The folded state looks like you could annoy a lot of people on the underground, especially at rush hour. 

Even in their own video, the quality looks pretty sketchy, brakes and pedals especially. But one or two half decent looking components too. 

It might be worth £400, and if you're only doing short rides here and there, might be OK, although, for that kind of riding, are 7 gears really necessary?


----------



## mjr (23 Jan 2018)

mitchibob said:


> It might be worth £400, and if you're only doing short rides here and there, might be OK, although, for that kind of riding, are 7 gears really necessary?


Depends on the terrain, plus many in the UK still decry 3-speeds because they couldn't set their Raleigh Chopper or Shopper's indexing correctly (despite it being easier than derailleur indexing) and blamed the bike.


----------



## Pro Tour Punditry (23 Jan 2018)

The terrain would include hilly bits, it seems that historic Jocks liked building settlements on hills


----------



## srw (23 Jan 2018)

The cost of the components you name, without the frame and fold, would be nearly £400. Somewhere, someone has cut some serious corners.

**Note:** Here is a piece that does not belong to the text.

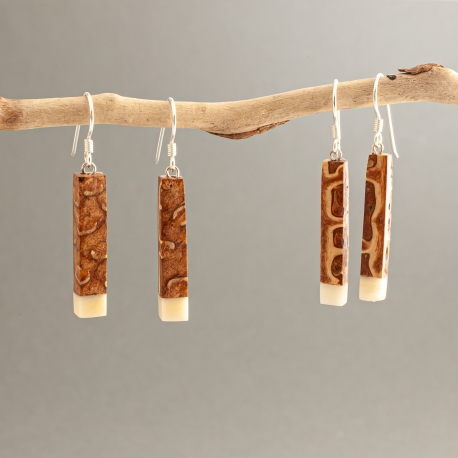 Pomme de pin en tagua, ivoire végétal - Boucles Kami en ivoire végétal et pomme de pin - artisanat de Lège Cap Ferret - kokobelli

Brakes made of cheese? Cheapest possible tyres? A folding mechanism that won't stay shut?


----------



## BSOh (23 Jan 2018)

a good buying team?


----------



## Crackle (23 Jan 2018)

I think the main compromise is the fold, it doesn't go particularly small. The rest you'd have to assess on viewing the bike.


----------



## srw (23 Jan 2018)

BSOh said:


> a good buying team?


They have that. But if you do the sums I suspect it won't be enough.


----------



## deptfordmarmoset (23 Jan 2018)

srw said:


> The cost of the components you name, without the frame and fold, would be nearly £400. Somewhere, someone has cut some serious corners. Brakes made of cheese? Cheapest possible tyres? A folding mechanism that won't stay shut?


I seem to remember a few people being rather ''that much for so little!'' when their Tribans came onto the market. True, the standard tyres were rubbish and the brakes not much better but they were still exceptional value for money.


----------



## mjr (23 Jan 2018)

srw said:


> The cost of the components you name, without the frame and fold, would be nearly £400.


How are you working that out? Retail of the components named in the OP ("Nexus hub, dyno-lights, carbon belt and mudguards"), it'd be about £80 for a Nexus 7, £25 for a low-end dynamo hub (not explicitly mentioned but rather implied), £20 for lights (assuming a minimal 10 lux headlight), £70 for a carbon belt (I'm guessing about exactly which belt) and maybe £15 for mudguards, total £210 and I suspect they've got a stonking volume discount off Shimano for the hubs. The tyres and brakes look low-end but those are relatively easy upgrades if needed and surely someone would stop such a big retailer if it didn't meet the basic safety regs?


----------



## chriscross1966 (23 Jan 2018)

Crackle said:


> 14 Kg. Pretty heavy for a folder, what does an equivalent Brommie weigh?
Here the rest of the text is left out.